Sheridan succinctly summed up the origin of "kleeman," saying: 

"['Family Guy'] has been on long enough that we did a bit once where we had the word 'vagina' in an episode. They said, 'You can't say vagina on the air.' So we changed the word and we just came up with our own word and called it 'cleman.' We just swapped out 'vagina' with 'cleman,' and it was like, 'Oh, we'll just say that. No problem.'" 

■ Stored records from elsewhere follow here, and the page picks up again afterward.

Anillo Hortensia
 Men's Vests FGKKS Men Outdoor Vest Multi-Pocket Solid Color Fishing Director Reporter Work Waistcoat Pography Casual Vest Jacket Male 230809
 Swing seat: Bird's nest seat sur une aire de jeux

And it wasn't a problem. Until it was. In a later episode, another writer wanted to make a callback to "kleeman," once again using it as a replacement word for "vagina." It sounds rude, of course — that's the point — but it was fair game, given that the "Family Guy" writers made it up. When Fox censors looked it up, however, they assumed "kleeman" was in popular usage. Sheridan continued: 

"[S]everal years later, we did a joke, and we use the word 'kleeman,' and they're like, 'Well you can't say that.' And we're like, 'What do you mean we can't say it?' 'Well no, it means vagina.' I was like, 'I know! We made it up.' But it made its way into the Urban Dictionary, and then we couldn't say it. I was like, 'I think that's completely unfair.' So when a show is on that long, it's just insane." 

It seems that the adoption of kleeman into the Urban Dictionary was something of a prank pulled by an attentive "Family Guy" fan. It's unlikely that anyone has used kleeman earnestly in reference to any part of human anatomy. Like "dirty Sanchez" or "donkey punch," it was adopted as a slang term specifically because it doesn't exist. 

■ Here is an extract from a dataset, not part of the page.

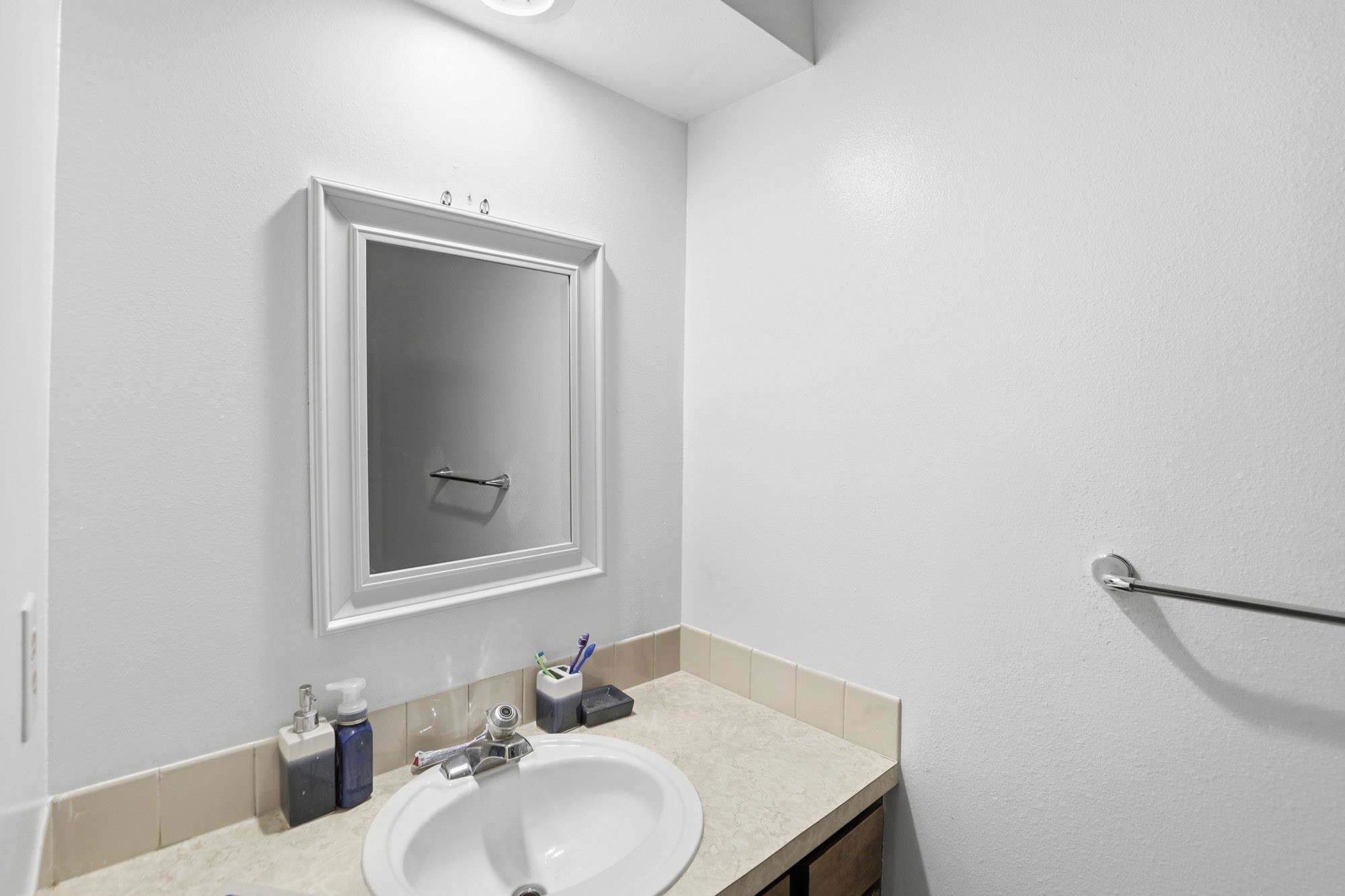 1718 E Wabash Ave - Photo 20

A perfectly cromulent word

These kinds of pranksterish neologisms do appear in the English lexicon from time to time. One might want to have a conversation with "The Simpsons" writer David X. Cohen and the episode "Lisa the Iconoclast" (February 18, 1996). In that episode, one character expresses befuddlement at the word "embiggen" appearing on Springfield's official iconography. A second character turns to the first and declares that it is "a perfectly cromulent word." It seems that "cromulent" was invented for that episode. It was a poetic word, however, and it soon became used in casual conversation. At last check, "cromulent" now appears in dictionaries. 

"Cromulent" was less of an impish prank like "kleeman" was, however.

One might also recall the New York Times article from 1992 wherein the paper's reporters aimed to uncover the new slang used by Seattle's booming grunge scene. They talked to a supposed authority on the matter, a young overcaffeinated woman named Megan Jasper, who had her finger on the pulse. Unwilling to entertain the Times' reporter, Rock Marin — and certainly sick of the way outsider rock is co-opted by the mainstream — Jasper started inventing slang off the top of her head. "Lamestain," "cob nobbler," and "swingin' on the flippity-flop" were actually printed in the Times as grunge-related slang, thanks to Jasper's prank. Weirdly, one of her invented slang terms — "rock on" used to say goodbye — has been used organically in public. Jasper is currently the CEO of Sub Pop Records.

Meanwhile, the current state of "kleeman" as a censorable cuss word is unknown. What a kungle.